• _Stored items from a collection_
------------------------------------------------------------------------

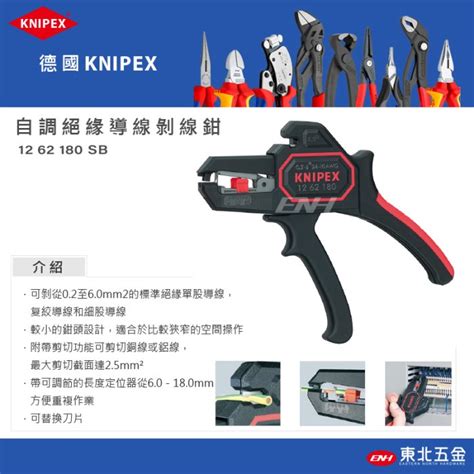 附發票 東北五金 德國 K牌 Knipex 自動絕緣剝線鉗 1262180sb 撥線鉗 脫皮鉗 剝皮鉗 剝線鉗 Yahoo奇摩拍賣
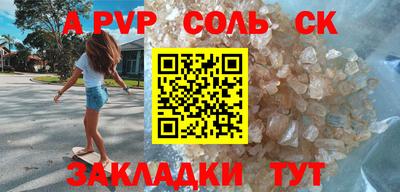 a pvp Краснознаменск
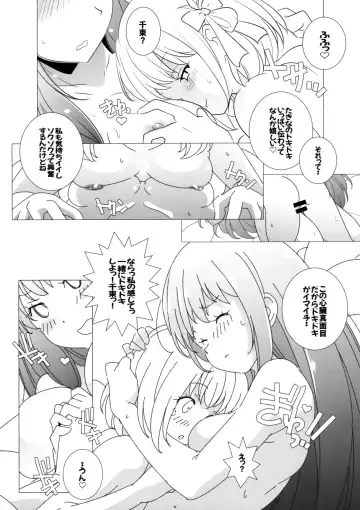 [Arai Kazuki] Himegoto Fhentai - Page 12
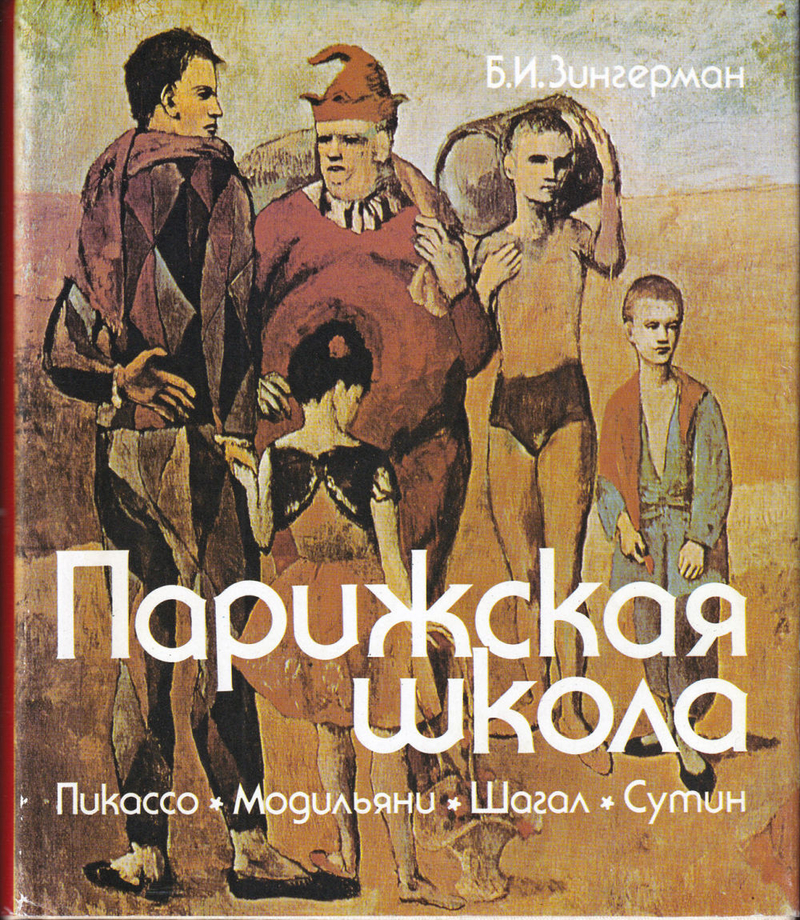 Парижская школа. Пикассо, Модильяни, Сутин, Шагал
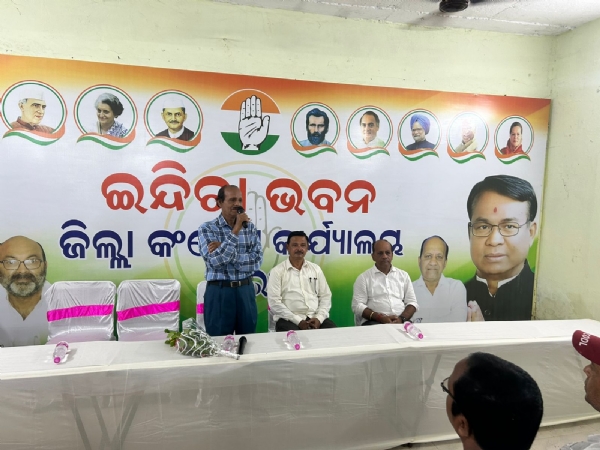 ଶ୍ରୀମନ୍ଦିର ଦର୍ଶନ ବ୍ୟବସ୍ଥା, ଜମିଜମା, ମହାନଗର, ମାଟିଆପଡା ଆର ଓ ଵି, ସମସ୍ୟା କୁ ନେଇ ଘମାଘୋଟ ଆନ୍ଦୋଳନ କରାଯିବ - କଂଗ୍ରେସ ଜିଲ୍ଲା ସଭାପତି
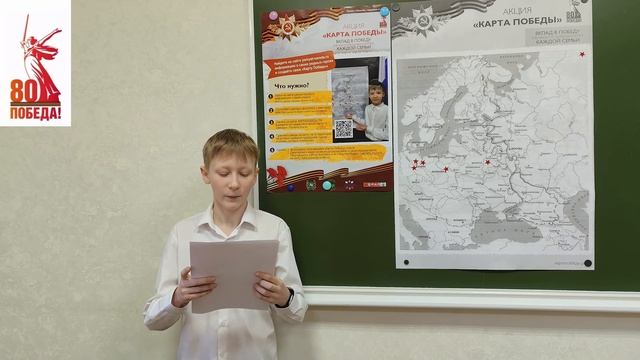Савкович Владимир МАОУ ДО ДЮЦ «Синяя птица»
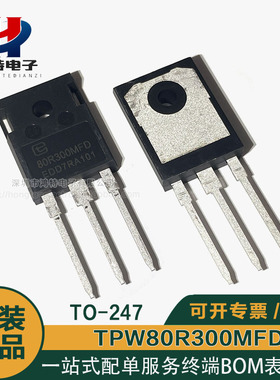 全新原装TPW80R300MFD 80R300MFD 封装TO-247场效应管 无锡紫光微
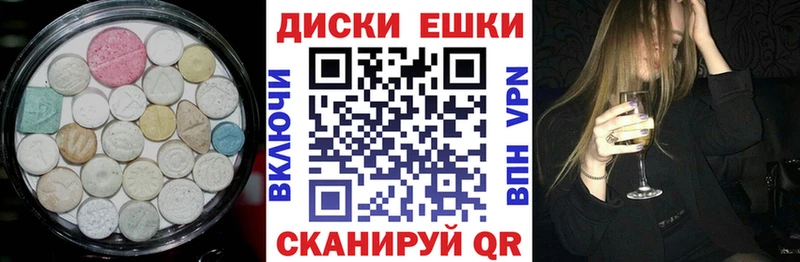 omg зеркало  Надым  Экстази диски 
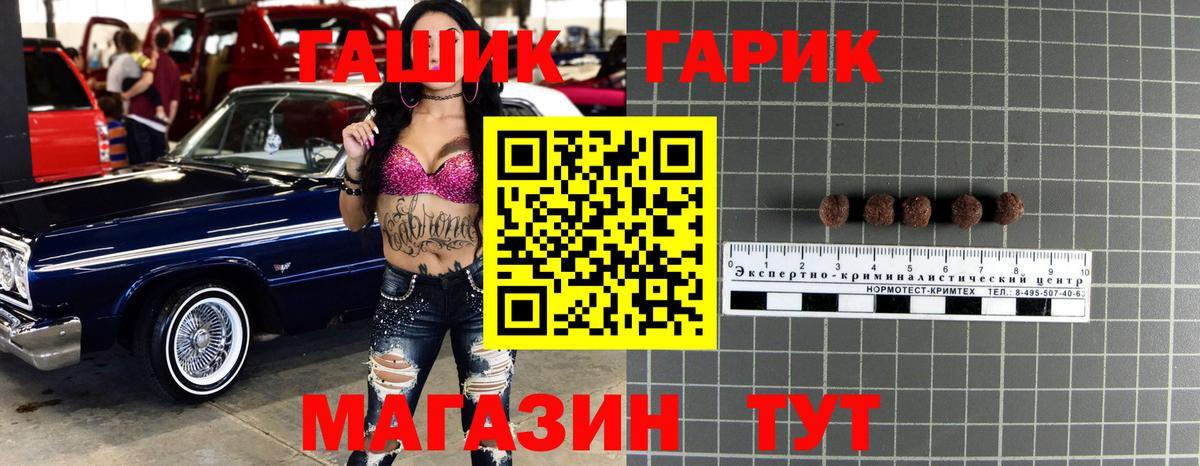 Гашиш VHQ  ГАШ  Рославль  Вход с VPN 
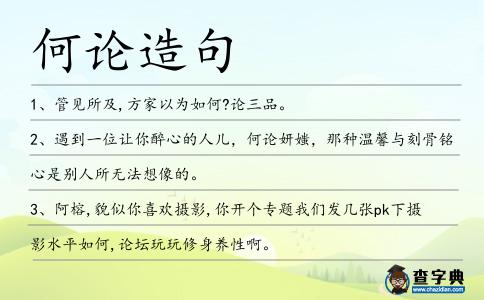 何論造句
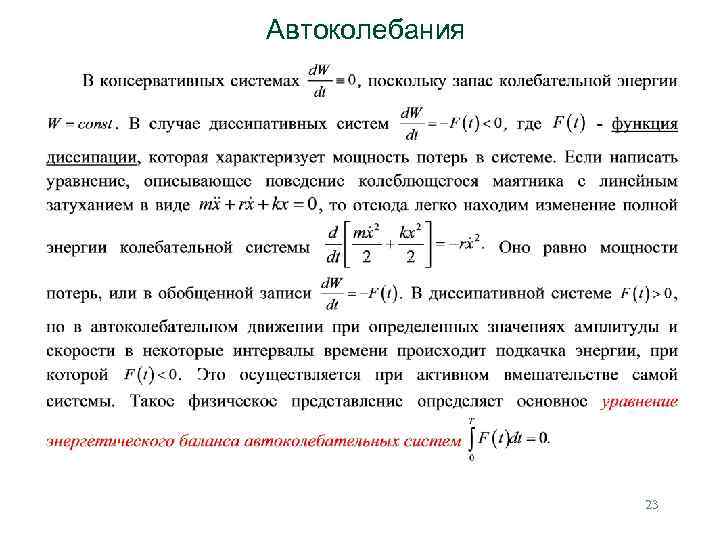 Автоколебания 23 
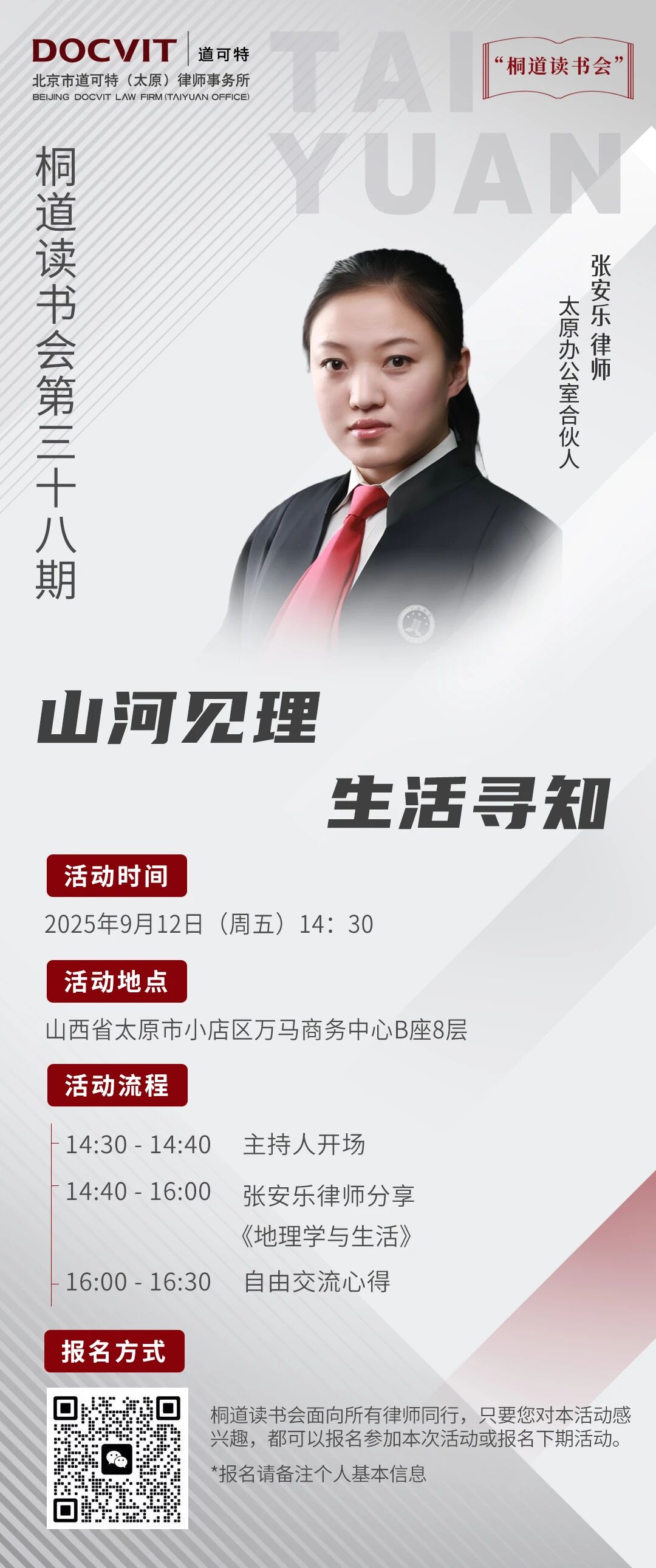 道可特太原丨桐道读书会第三十八期：山河见理 生活寻知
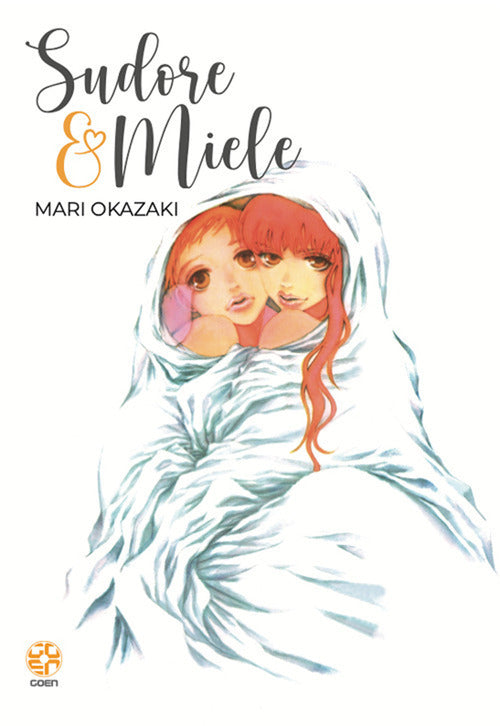 Cover of Sudore e miele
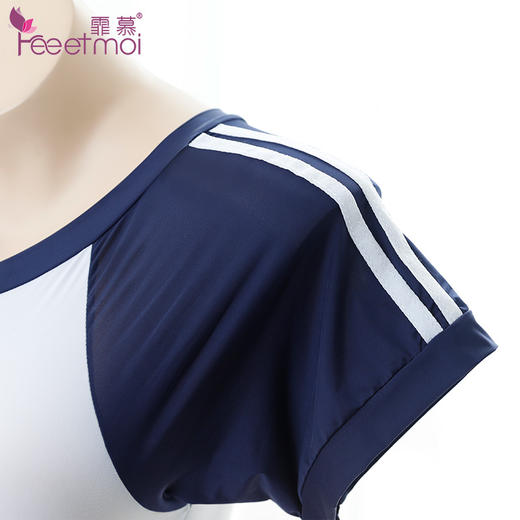 【情趣内衣】霏慕萌系学生体操运动服7018 商品图8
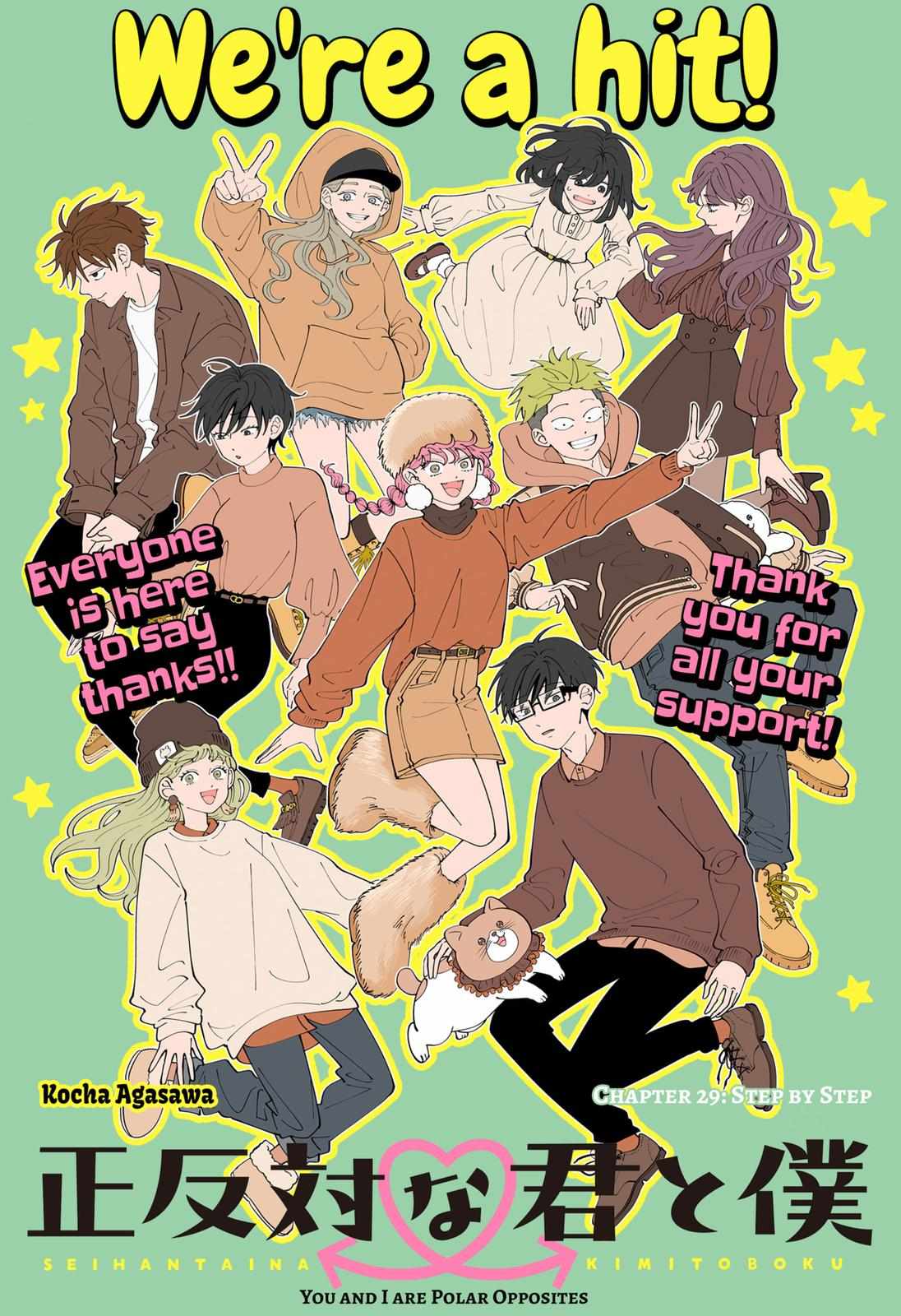 Read You and I are Polar Opposites Manga Online
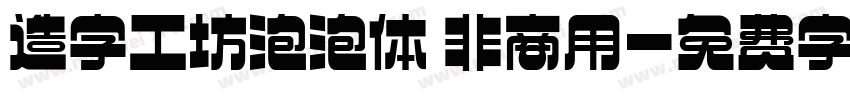 造字工坊泡泡体 非商用字体转换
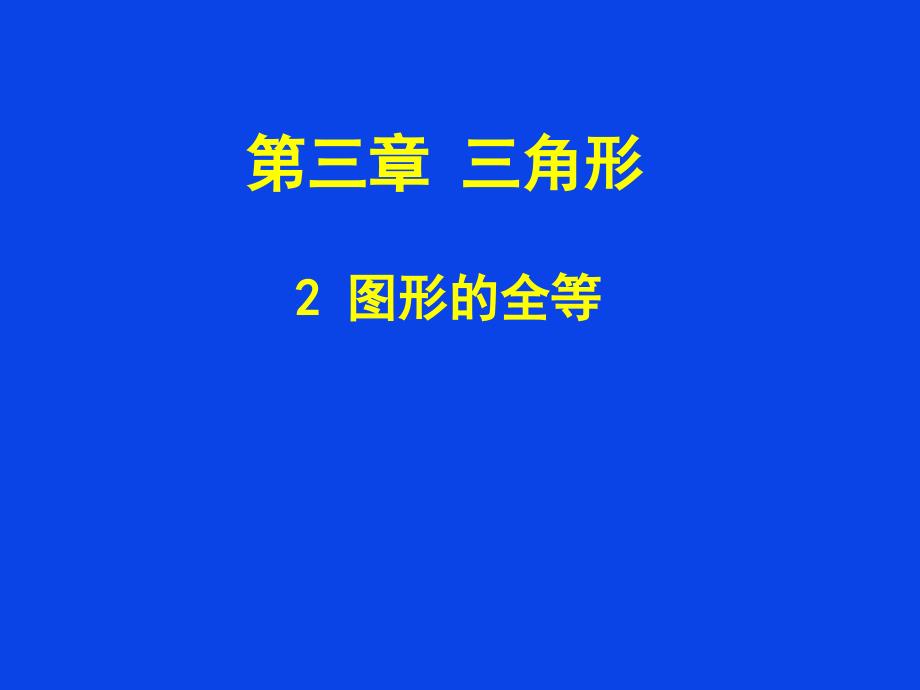 图形的全等演示文稿_第1页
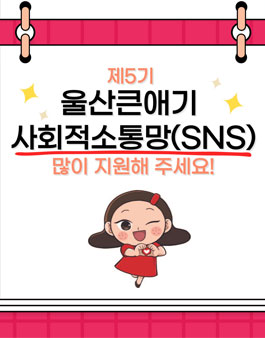 제5기 울산큰애기 사회적소통망(SNS)홍보단 모집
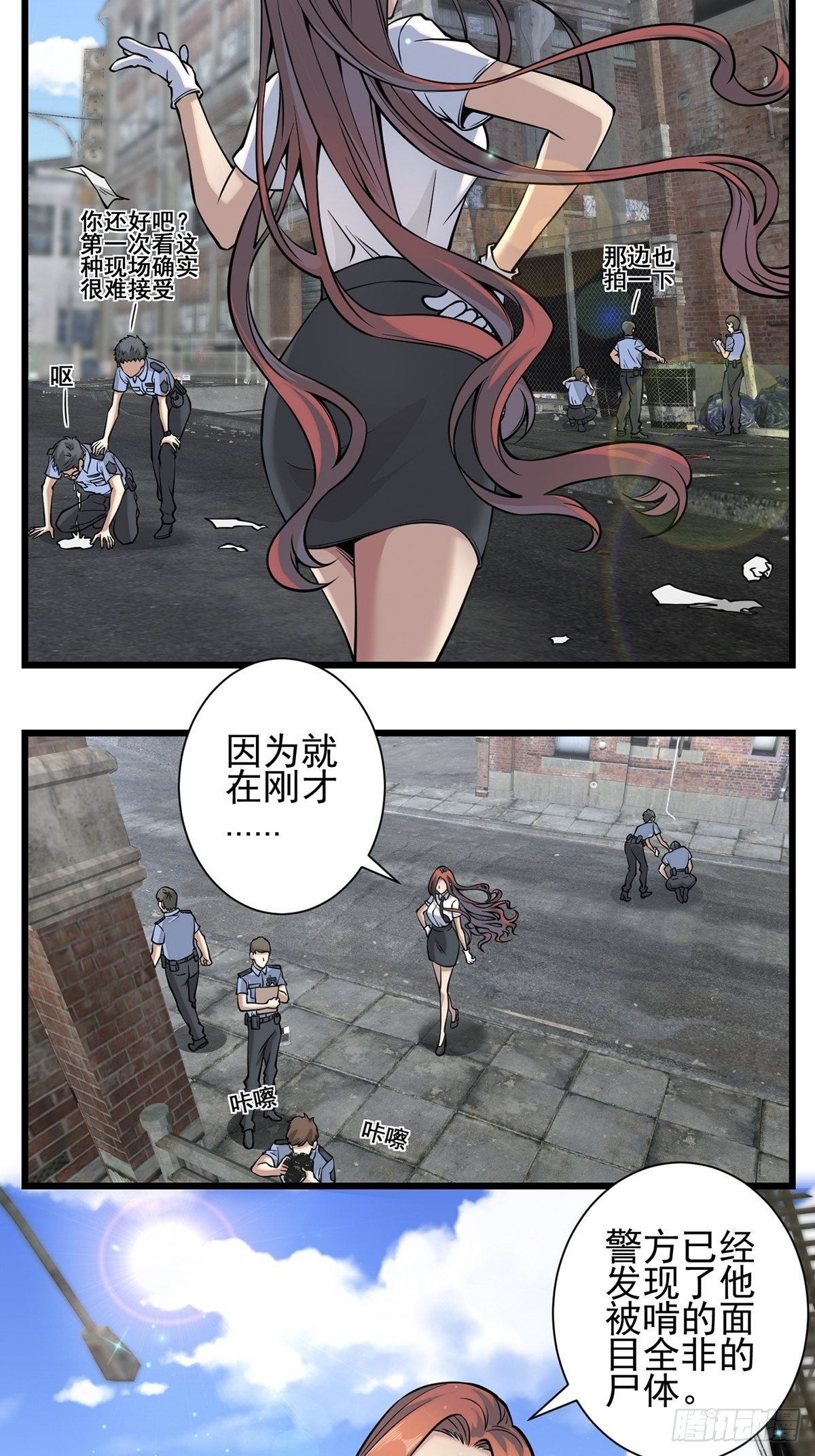 小鬼4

------------------------------------------------------------------------

• _Work to be completed_
Write out nothing but the lines from the start of the data through the line with "Автоколебания 23". Leave out the pictures.

• _Answer for this exercise_
 附發票 東北五金 德國 K牌 Knipex 自動絕緣剝線鉗 1262180sb 撥線鉗 脫皮鉗 剝皮鉗 剝線鉗 Yahoo奇摩拍賣
 a pvp Краснознаменск
 [Arai Kazuki] Himegoto Fhentai - Page 12
 Парижская школа. Пикассо, Модильяни, Сутин, Шагал
 ଶ୍ରୀମନ୍ଦିର ଦର୍ଶନ ବ୍ୟବସ୍ଥା, ଜମିଜମା, ମହାନଗର, ମାଟିଆପଡା ଆର ଓ ଵି, ସମସ୍ୟା କୁ ନେଇ ଘମାଘୋଟ ଆନ୍ଦୋଳନ କରାଯିବ - କଂଗ୍ରେସ ଜିଲ୍ଲା ସଭାପତି
Савкович Владимир МАОУ ДО ДЮЦ «Синяя птица»
 全新原装TPW80R300MFD 80R300MFD 封装TO-247场效应管 无锡紫光微
 omg зеркало  Надым  Экстази диски 
 Гашиш VHQ  ГАШ  Рославль  Вход с VPN 
 何論造句
 Автоколебания 23 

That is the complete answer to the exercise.